I think this is a mechanism that actually happens a lot. People generally do lose a lot of empathy with experience and age. People definitely get de-sensitized to both strongly negative and strongly positive experiences after viewing them a lot. I actually think that this is more likely than the RL story—especially with positive-valence empathy which under the RL story people would be driven to seek out.
But then every time that empathy thing happens, I obviously don’t then immediately eat chocolate. So the reward model would get an error signal—there was a reward prediction, but the reward didn’t happen. And thus the brain would eventually learn a more sophisticated “correct” reward model that didn’t fire empathetically. Right?
My main model for why this doesn’t happen in some circumstances (but definitely not all) is that the brain uses these signals and has a mechanism for actually providing positive or negative reward when they fire depending on other learnt or innate algorithms. For instance, you could pass the RPE through to some other region to detect whether the empathy triggered for a friend or enemy and then return either positive or negative reward, so implementing either shared happiness or schadenfreude. Generally I think of this mechanism as a low level substrate on which you can build up a more complex repertoire of social emotions by doing reward shaping on these signals.

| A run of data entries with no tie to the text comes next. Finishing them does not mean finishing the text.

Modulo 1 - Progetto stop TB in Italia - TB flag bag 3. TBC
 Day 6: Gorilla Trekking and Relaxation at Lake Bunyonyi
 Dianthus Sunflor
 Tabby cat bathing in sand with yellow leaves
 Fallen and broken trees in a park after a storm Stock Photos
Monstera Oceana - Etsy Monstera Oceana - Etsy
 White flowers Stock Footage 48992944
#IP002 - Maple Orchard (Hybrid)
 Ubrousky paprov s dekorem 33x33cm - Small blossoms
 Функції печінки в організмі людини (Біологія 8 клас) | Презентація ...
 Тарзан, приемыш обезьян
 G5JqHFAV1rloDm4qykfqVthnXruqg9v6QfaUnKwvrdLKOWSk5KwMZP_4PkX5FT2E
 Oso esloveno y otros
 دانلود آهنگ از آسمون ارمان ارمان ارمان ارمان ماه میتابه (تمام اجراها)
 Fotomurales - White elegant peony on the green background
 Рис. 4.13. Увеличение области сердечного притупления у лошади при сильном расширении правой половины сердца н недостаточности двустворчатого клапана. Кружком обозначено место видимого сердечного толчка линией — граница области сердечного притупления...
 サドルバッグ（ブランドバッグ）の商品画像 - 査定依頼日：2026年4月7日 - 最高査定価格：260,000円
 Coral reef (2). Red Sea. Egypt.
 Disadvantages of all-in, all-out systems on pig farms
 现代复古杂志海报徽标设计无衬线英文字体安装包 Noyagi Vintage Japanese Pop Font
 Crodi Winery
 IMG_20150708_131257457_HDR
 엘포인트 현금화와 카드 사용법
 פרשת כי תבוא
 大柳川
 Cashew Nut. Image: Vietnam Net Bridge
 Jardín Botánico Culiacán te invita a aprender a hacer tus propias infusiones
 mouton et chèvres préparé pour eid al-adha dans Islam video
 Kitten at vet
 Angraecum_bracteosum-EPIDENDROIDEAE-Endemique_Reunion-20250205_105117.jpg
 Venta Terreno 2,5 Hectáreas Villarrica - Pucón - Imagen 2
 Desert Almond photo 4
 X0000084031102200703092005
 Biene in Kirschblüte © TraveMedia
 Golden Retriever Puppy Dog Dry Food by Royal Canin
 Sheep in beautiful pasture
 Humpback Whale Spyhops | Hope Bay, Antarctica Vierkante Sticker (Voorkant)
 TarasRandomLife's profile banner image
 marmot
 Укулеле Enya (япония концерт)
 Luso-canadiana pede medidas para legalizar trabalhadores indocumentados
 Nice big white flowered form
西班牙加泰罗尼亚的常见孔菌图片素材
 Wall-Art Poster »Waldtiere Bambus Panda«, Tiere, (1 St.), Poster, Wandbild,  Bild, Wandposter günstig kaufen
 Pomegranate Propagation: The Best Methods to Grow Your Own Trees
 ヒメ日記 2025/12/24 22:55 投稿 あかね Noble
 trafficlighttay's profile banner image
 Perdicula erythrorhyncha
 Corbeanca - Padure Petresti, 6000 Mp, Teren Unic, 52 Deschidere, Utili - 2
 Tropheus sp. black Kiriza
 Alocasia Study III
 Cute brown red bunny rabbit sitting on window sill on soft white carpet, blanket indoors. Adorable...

Also—I really like your post on empathy that cfoster linked above! I have read a lot of your work but somehow missed that one lol. Cool we are thinking at least somewhat along similar lines
Yep this is definitely not proposed as some kind of secure solution to alignment (if only the world were so nice!). The primary point is that if this mechanism exists it might provide some kind of base signal which we can then further optimize to get the agent to assign some kind of utility to others. The majority of the work will of course be getting that to actually work in a robust way.
Yes. Realistically, I think almost any proxy like this will break down under strong enough optimization pressure, and the name of the game is just to figure out how to prevent this much optimization pressure being applied without imposing too high a capabilities tax.